Immer mehr (Unternehmen) ziehen sich von Twitter zurück

Zumindest was Unternehmen betrifft und somit den Business-Bereich, so scheint Twitter immer mehr an Bedeutung zu verlieren, wenn diese (siehe Beginn des Artikels) überhaupt jemals so riesig war. Jedenfalls spielen immer mehr Unternehmen mit dem Gedanken, weniger zu posten, die Aktivitäten auf Twitter (X) stark einzuschränken oder die Plattform sogar endgültig zu verlassen.

Das belegt wiederum eine aktuelle Umfrage von Bitkom unter mehr als 600 Unternehmen alleine in Deutschland ein Jahr nach der Übernahme von Twitter durch Elon Musk. Demnach geben 43 % der Befragten an, weniger Beiträge zu posten und 36 % weniger Anzeigen zu schalten. Jedes fünfte Unternehmen erwägt sogar, den eigenen Account komplett zu löschen und sich gänzlich von der Plattform zurückzuziehen.

Die Gründe dafür sind vielfältig. Viele Unternehmen (74 %) fordern eine stärkere Kontrolle von Twitter beziehungsweise X. Eine wesentliche Rolle spielen hierbei der massive Anstieg von Falschmeldungen, ungefilterte Hassreden, extreme politischen Haltungen sowie damit verbundene Unsicherheiten seitens der Unternehmen, die sich nicht selten auch indirekt damit in Verbindung gebracht sehen, was letztlich auch geschäftsschädigend sein kann.

Was sollen Unternehmen noch auf Twitter / X?

Andererseits stellen sich vermutlich immer mehr Unternehmen auch die Frage, ob es grundsätzlich noch Sinn ergibt, sich auf einer Plattform zu bewegen oder sogar auf ihr zu werben, wenn normale Nutzerinnen und Nutzer durch die Einführung der Bezahlversion ohnehin kaum noch Inhalte ernsthaft konsumieren. So erlaubt die kostenlose Nutzung von X unter anderem nur noch das Lesen einer limitierten Anzahl an Posts pro Tag. Wer nicht zahlen möchte, kann also sowieso nicht mehr alles lesen. Diese Accounts erreichen Unternehmen somit schlichtweg nicht mehr ausreichend.

Dennoch ist es natürlich schwierig, sich von heute auf morgen von einem Kommunikationskanal komplett zu verabschieden, der für viele Unternehmen als einer der wichtigsten überhaupt zählt. Das jedenfalls geben ebenfalls 43 % der Befragten an – ein Dilemma. Andererseits zeugt das aber einmal mehr von der Gefahr, sich von einzelnen Plattformen oder überhaupt Social Media* nahezu komplett abhängig zu machen, anstatt sich beispielsweise mehr auf E-Mail-Marketing zu konzentrieren.

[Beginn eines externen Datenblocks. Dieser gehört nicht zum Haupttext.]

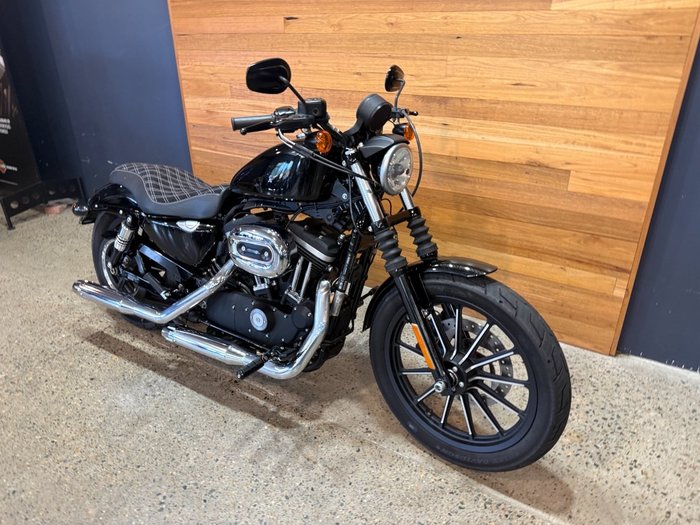 2015 HARLEY-DAVIDSON XL883 IRON 883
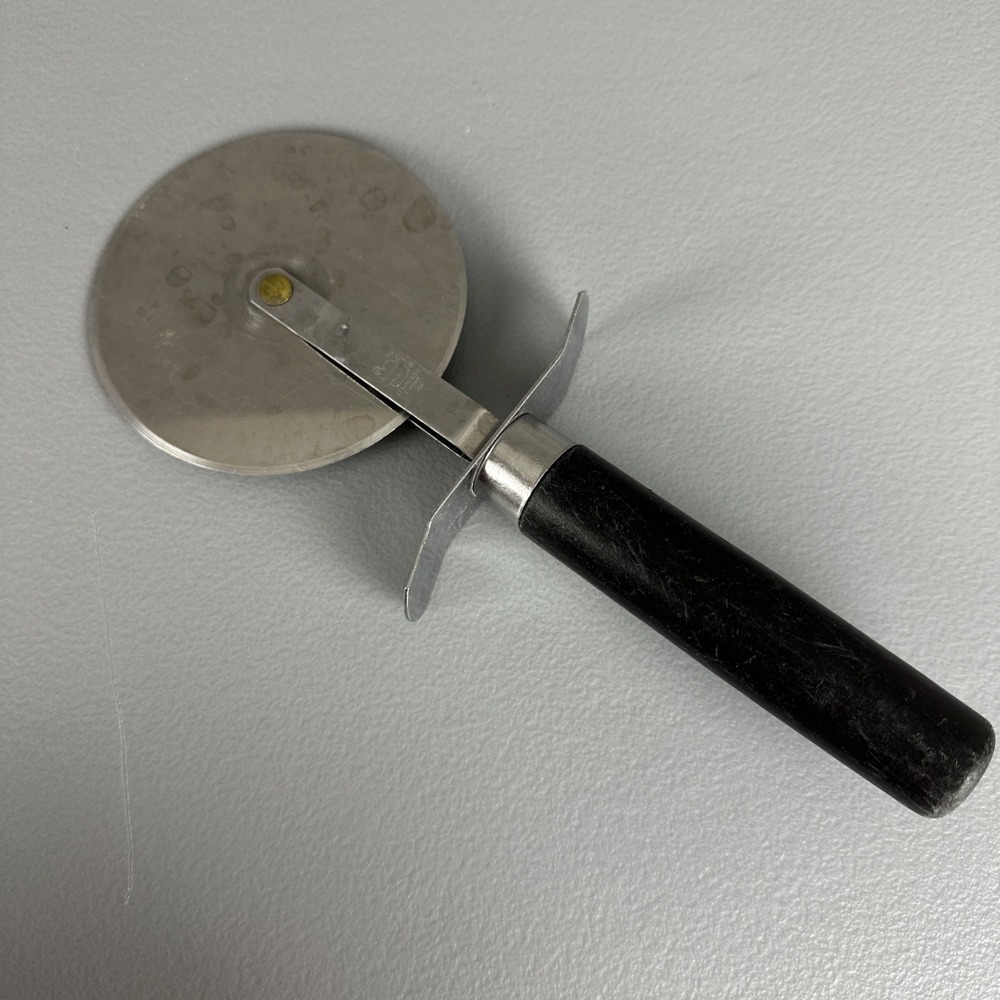 The Pampered Chef Pizza Cutter Slicer #1301 Stainless Steel - No Blade Cover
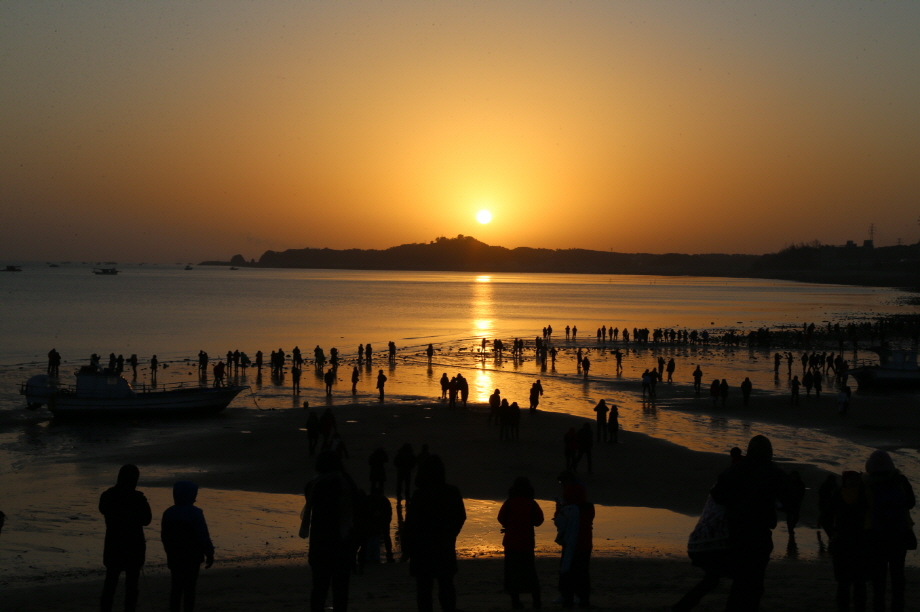 Dangjin Waemok Village Sunrise Festival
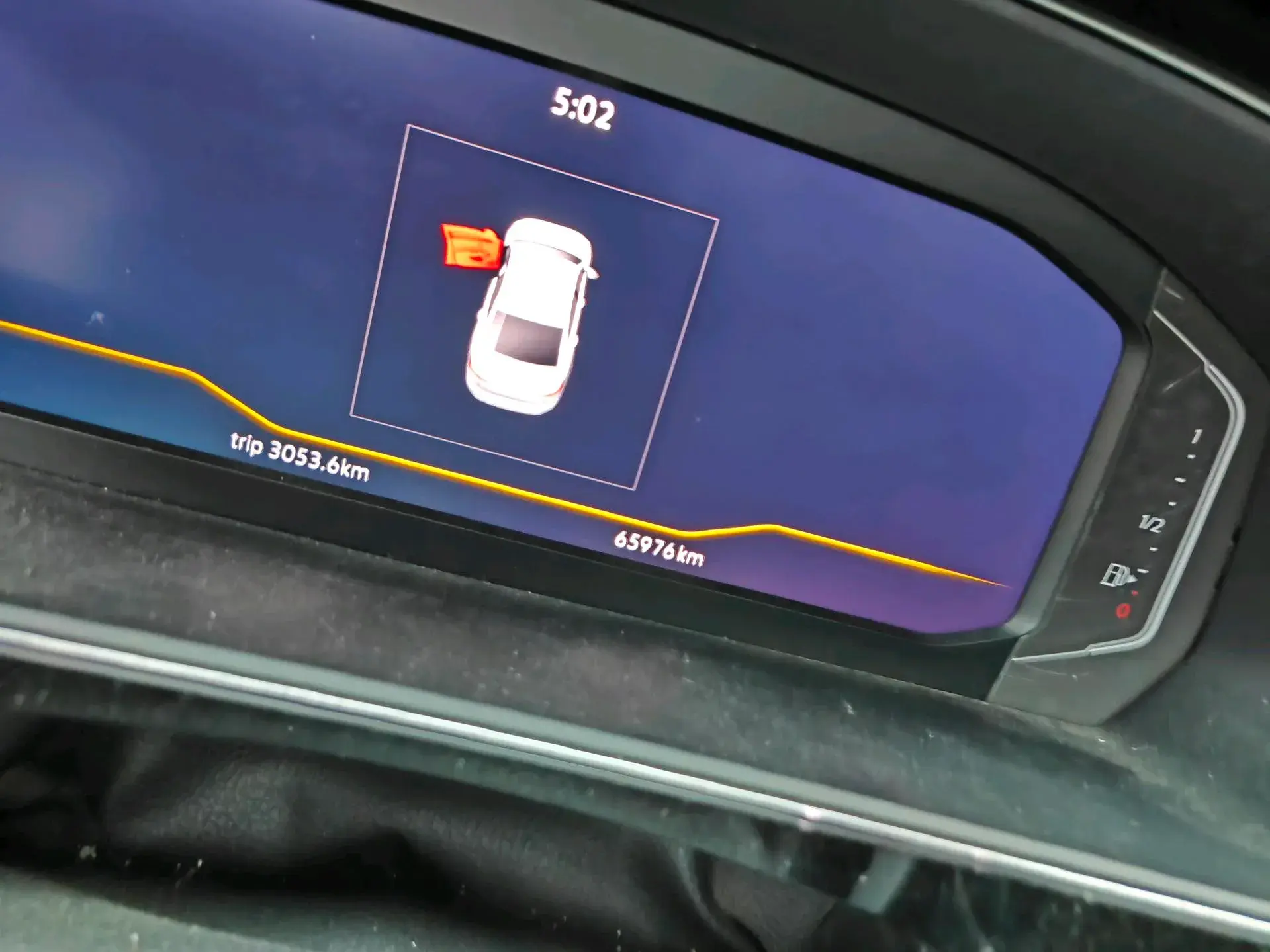 2022 VOLKSWAGEN PASSAT thumbnail 3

Letztlich wird die Zukunft zeigen, wie es mit X weitergehen wird. Was Elon Musk im Endeffekt mit der Übernahme wirklich bezwecken wollte und wie sich ein eigentlich erfolgreicher Geschäftsmann wie er dabei wirklich so verzocken konnte, bleibt wohl ein Rätsel. Vielleicht war diese Investition für ihn ohnehin nur „Spielgeld“ und der Plan dahinter (nochmal) vielleicht doch mehr mit einem X zu tun, als man vielleicht vermuten würde!?

Ehrlicherweise muss man aber auch ergänzen, dass Twitter zumindest in Deutschland schon immer einen schwierigen Stand hatte und hierzulande in diversen Nutzungsrankings stets die letzten Plätze belegte. So erreicht X in Deutschland auch Stand 2023 lediglich etwas mehr als 14 Millionen Nutzerinnen und Nutzer, was im weltweiten Vergleich verhältnismäßig sehr dürftig ist.